Aim of the task
The line containing "Boutique Black Jacquard" and all lines following it in the listing below are to be reproduced exactly, with no other lines.

Task inputs

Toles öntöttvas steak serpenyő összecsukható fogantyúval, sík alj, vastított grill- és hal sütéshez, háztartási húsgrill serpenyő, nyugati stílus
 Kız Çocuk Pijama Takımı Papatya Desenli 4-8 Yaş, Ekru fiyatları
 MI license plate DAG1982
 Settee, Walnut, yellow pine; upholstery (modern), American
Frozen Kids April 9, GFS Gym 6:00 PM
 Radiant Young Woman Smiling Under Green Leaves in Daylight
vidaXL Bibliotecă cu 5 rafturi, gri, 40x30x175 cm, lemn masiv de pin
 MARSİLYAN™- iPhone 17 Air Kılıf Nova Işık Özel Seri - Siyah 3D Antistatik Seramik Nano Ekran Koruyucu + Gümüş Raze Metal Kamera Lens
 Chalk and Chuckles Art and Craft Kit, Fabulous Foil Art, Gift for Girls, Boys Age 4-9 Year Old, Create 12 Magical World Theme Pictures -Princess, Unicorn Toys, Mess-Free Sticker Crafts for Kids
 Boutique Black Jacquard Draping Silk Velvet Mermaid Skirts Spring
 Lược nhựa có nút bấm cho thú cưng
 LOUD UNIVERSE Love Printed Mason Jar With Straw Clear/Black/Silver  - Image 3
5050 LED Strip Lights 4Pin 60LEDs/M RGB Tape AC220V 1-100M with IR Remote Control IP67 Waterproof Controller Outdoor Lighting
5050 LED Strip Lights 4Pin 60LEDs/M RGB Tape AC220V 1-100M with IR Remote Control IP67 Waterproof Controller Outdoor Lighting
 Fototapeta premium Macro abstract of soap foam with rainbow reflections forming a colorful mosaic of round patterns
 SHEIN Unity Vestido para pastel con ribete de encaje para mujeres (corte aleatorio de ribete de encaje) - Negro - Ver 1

Response to this exercise
 Boutique Black Jacquard Draping Silk Velvet Mermaid Skirts Spring
 Lược nhựa có nút bấm cho thú cưng
 LOUD UNIVERSE Love Printed Mason Jar With Straw Clear/Black/Silver  - Image 3
5050 LED Strip Lights 4Pin 60LEDs/M RGB Tape AC220V 1-100M with IR Remote Control IP67 Waterproof Controller Outdoor Lighting
5050 LED Strip Lights 4Pin 60LEDs/M RGB Tape AC220V 1-100M with IR Remote Control IP67 Waterproof Controller Outdoor Lighting
 Fototapeta premium Macro abstract of soap foam with rainbow reflections forming a colorful mosaic of round patterns
 SHEIN Unity Vestido para pastel con ribete de encaje para mujeres (corte aleatorio de ribete de encaje) - Negro - Ver 1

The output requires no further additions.